Brief descriptive captions:
____________
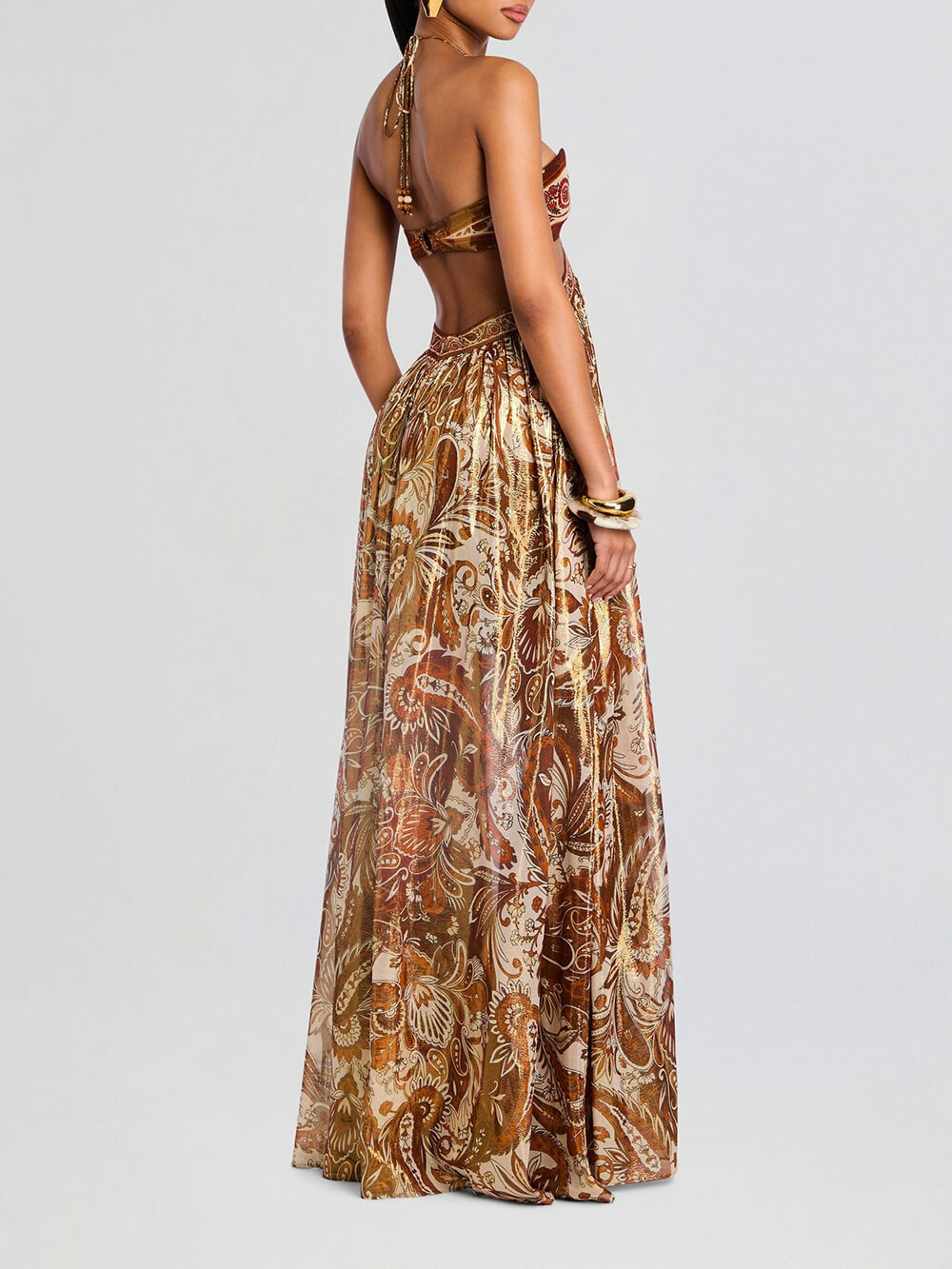P&R Josefa Kleid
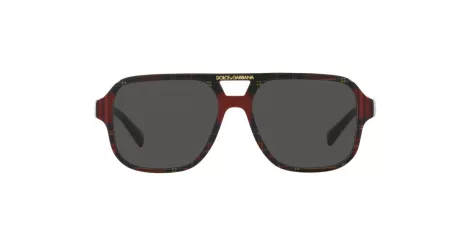 Dolce & Gabbana Kids DX 4003 339787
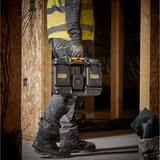 DWST08061-1 - Dewalt DWST08061-1 ToughSystem 2.0 18V Byggarbetsplatsbelysning - Bild 17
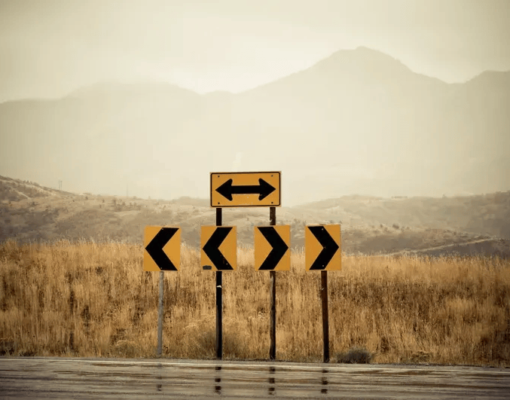 When Neither LP nor GP Wanted a Sale, How is Centerfield on the Market?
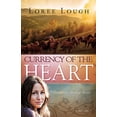 thumbnail image 1 of Pre-Owned Currency of the Heart: Volume 1 (Paperback) 1629112755 9781629112756, 1 of 1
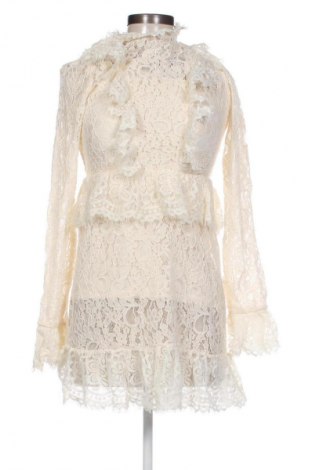 Ruha NA-KD, Méret S, Szín Ekrü
, Ár 6 479 Ft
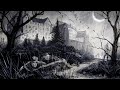 Colditz March - British March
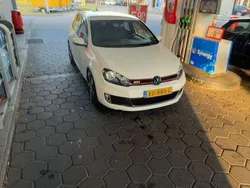 Gebruikt 2013 VW Golf VII R Sedan | € 13.500 (Goede deal)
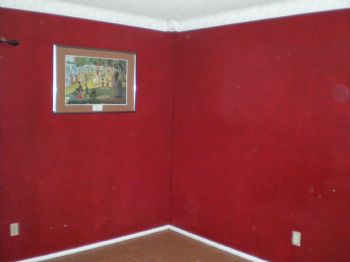 RickBond profile photo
____________
The problem:
Print, please, exactly the lines from the one holding "Ruha NA-KD, Méret S, Szín Ekrü" through the final line of the data, both included, while leaving out each picture.

Solution to this exercise:
 Ruha NA-KD, Méret S, Szín Ekrü
, Ár 6 479 Ft
 Colditz March - British March
 Gebruikt 2013 VW Golf VII R Sedan | € 13.500 (Goede deal)
 RickBond profile photo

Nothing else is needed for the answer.